I also think physicians have some blame to shoulder in terms of government regulation of their industry. They allow themselves to be trapped by this third party payment model where the govt. is the payor. It’s not all their fault, but they do have some responsibility. And when you take the government money, you take the government regulations. It’s nice to have a solvent party to collect from, but there’s going to be a downside.

12 Dr. Mary Johnson November 6, 2009 at 12:55 pm

Susan, I appreciate you kind words. I really do. But I’ve been in this blogopshere since 2005 – the day after my Father died (without seeing justice for his daughter). I came here for help (at the behest of a local journalist promoting “citizen journalism”) – because the system just does not work. And I’ve been treated like dirt – placed on the defensive since day one by people who (locally, at least) had a vested interest in shutting me down/up.

I’m certainly NOT “promoting” the notion that I’m a “wack-job” or a “troll”. I’m simply repeating what people in this supposedly enlightened and “progressive” blogosphere have called me for telling the truth – and for not backing down/giving in (apparently to prove my mental health, that is what I should do).

My message IS (don’t you just love that word?) very powerful – not to mention that IT IS THE GOD’S HONEST TRUTH (why do you think I have not been sued again by the hospital/executives who did me wrong?).

Morevoer, I did what the public and (more importantly) ANY parent would have expected me to do (and probably would have sued me for not doing). What happened to me NEVER should have happend. So WHY haven’t the AMA and JCAHO and DHHS and the state Medical Societies & Boards done anything to (1) specifically address my situation and (2) generally plug the holes I feel through?

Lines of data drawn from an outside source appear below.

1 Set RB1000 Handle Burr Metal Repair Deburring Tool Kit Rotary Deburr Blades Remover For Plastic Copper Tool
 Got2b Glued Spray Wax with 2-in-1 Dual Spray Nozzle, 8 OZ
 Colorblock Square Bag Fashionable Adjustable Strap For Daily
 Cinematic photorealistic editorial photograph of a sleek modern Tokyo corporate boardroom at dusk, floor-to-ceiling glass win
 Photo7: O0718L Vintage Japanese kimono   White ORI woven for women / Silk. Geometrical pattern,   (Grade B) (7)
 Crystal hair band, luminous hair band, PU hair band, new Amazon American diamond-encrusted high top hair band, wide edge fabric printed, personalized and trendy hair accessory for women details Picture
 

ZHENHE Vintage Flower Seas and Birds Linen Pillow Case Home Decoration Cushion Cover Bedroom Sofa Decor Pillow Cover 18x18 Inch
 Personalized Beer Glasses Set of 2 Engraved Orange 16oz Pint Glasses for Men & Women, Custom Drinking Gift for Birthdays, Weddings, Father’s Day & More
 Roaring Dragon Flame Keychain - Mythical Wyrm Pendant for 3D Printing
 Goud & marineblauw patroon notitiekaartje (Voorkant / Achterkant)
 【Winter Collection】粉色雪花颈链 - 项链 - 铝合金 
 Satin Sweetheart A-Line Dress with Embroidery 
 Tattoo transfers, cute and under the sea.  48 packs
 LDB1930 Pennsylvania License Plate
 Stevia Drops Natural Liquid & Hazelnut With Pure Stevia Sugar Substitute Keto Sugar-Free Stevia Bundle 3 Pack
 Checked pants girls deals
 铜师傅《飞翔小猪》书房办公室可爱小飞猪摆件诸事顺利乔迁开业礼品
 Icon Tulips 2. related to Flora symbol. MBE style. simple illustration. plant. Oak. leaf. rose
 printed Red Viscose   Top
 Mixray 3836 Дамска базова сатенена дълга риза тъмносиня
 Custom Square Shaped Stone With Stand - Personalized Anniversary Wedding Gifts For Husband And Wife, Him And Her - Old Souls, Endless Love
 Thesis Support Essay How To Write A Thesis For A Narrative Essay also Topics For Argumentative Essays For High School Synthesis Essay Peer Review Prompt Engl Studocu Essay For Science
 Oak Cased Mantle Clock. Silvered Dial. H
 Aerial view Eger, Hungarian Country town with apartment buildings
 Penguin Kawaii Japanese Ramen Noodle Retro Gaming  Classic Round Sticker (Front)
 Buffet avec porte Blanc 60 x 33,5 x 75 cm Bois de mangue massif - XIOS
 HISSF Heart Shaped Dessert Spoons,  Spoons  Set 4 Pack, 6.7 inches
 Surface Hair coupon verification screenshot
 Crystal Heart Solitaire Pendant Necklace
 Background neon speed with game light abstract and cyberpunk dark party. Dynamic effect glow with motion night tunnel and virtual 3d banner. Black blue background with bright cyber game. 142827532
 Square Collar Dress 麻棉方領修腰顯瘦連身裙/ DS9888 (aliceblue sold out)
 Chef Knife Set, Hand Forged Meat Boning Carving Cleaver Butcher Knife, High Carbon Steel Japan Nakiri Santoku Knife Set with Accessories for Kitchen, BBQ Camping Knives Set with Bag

Why can’t the medical blogosphere be something besides a fricking ECHO chamber? I mean, what has the medical blogospehre really accomplished?

Yesterday, when Obama did his dance for the cameras and announced that the AMA was supporting his healthcare reform bill, I just wanted to cry. Like the AMA has EVER represented doctors like me!

On the heels of that, I got an e-mail yesterday that showed Congressmen & women playing Solitaire and checking baseball stats as one of their compatriots spoke on the House floor. These are people who might better spend their time actually reading the legislation they want to cram down our throats – and/or holding hearings to listen to people like me (as opposed to the traditional dog & pony show of healthcare “victims”). But hey, let’s mindlessly flip the cards on a computer. Those three-day work-weeks are a real bear.

It’s all a joke. Just a joke.

I have to wonder how many colleagues knew that the psychiatrist who killed/shot dozens of people at Fort Hood yesterday was a loose cannon – literally ready to blow (I’m still trying to wrap my head around the fact that this doctor was TREATING other sick minds – and was going to be deployed).

I wonder how many of his colleagues might have felt more comfortable coming forward with their concerns – saying or doing something proactive and preventative – if they knew they could rely on the law/governement to protect them from retribution?

In terms of the service obligation, my stint in the NHSC was, in many ways, not a whole lot different from a stateside assignment in the military. All any of those people had to do to see how government whistle-blowers are really treated/regarded is pop on over to Dr. J’s Housecalls.

But they don’t have to really. They already know.

I will not find peace until I get justice. But I very much appreciate the thought.